The Partition of India – 70 years on

Published: 3rd August 2017

Britain had formally governed the Indian subcontinent from 1858, although its influence there had been growing for the previous two centuries. India was considered the jewel in the crown of the British Empire. Political, ethnic and regional movements in India were opposed to being part of a foreign Empire, and campaigned and demonstrated for independence – but their requests were at best ignored and on other occasions brutally put down.

India in the World Wars

During the First World War hundreds of thousands of Indians volunteered and fought for Britain across the globe. Demands for independence increased during the interwar years, winning support across the subcontinent and also from groups and political parties in the UK. Once again during the Second World many Indians fought for Britain, while millions more were involved in the war effort. India suffered rationing during the war as well as famine – events that served to increase discontent with British rule. The cost of those two wars had also taken their toll on the British economy and soon after winning the 1945 election the new Labour government announced that India would receive Independence.

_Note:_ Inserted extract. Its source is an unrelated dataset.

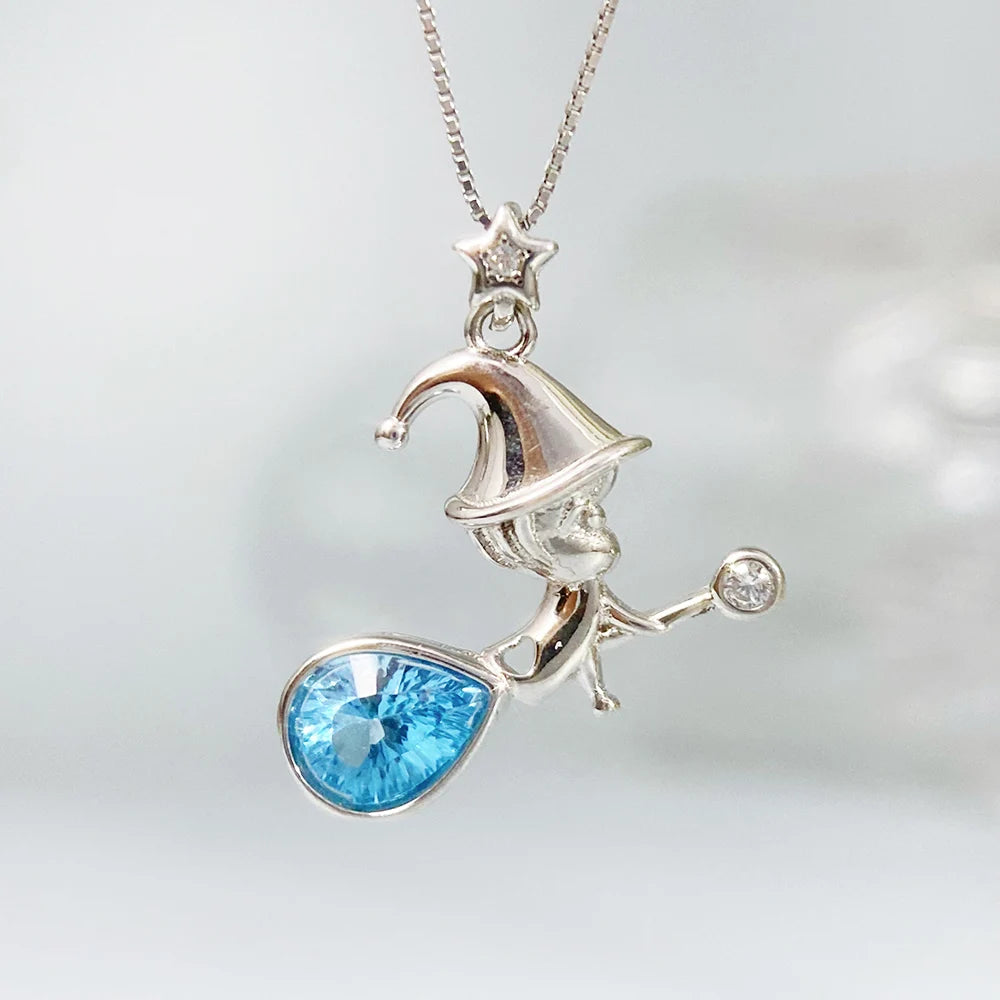 Gioiellieri Natural Swiss Blue Topaz Pendant S925 Sterling Silver Necklace for Women Fine Jewelry December Birthstone Anniversary Gift New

Preparing for Independence

Independence required an act of Parliament as well as serious negotiations. The British government had become convinced that Independence for India also meant the creation of a Muslim state. In the two years following the announcement of independence for India talks focused on the division of the country and how the borders should be drawn. A British official, Cyril Radcliffe, was responsible for drawing the lines, which he did his amongst the growing chaos and intense political arguments surrounding him and crucially using outdated maps. His lines cut through villages, farms, homes and families. In many cases political need for a partition across the country outweighed geography, human relations and common sense.

Partition and its aftermath

When Independence Day arrived in August 1947 it led to rioting and the mass migration of 10 million people. An estimated 1 million people died in the fighting, the movement of peoples and the shortages that followed. Partition created two independent states, India and Pakistan. The two countries and the legacy of partition have gone on to shape politics and attitudes across the region for generations to come.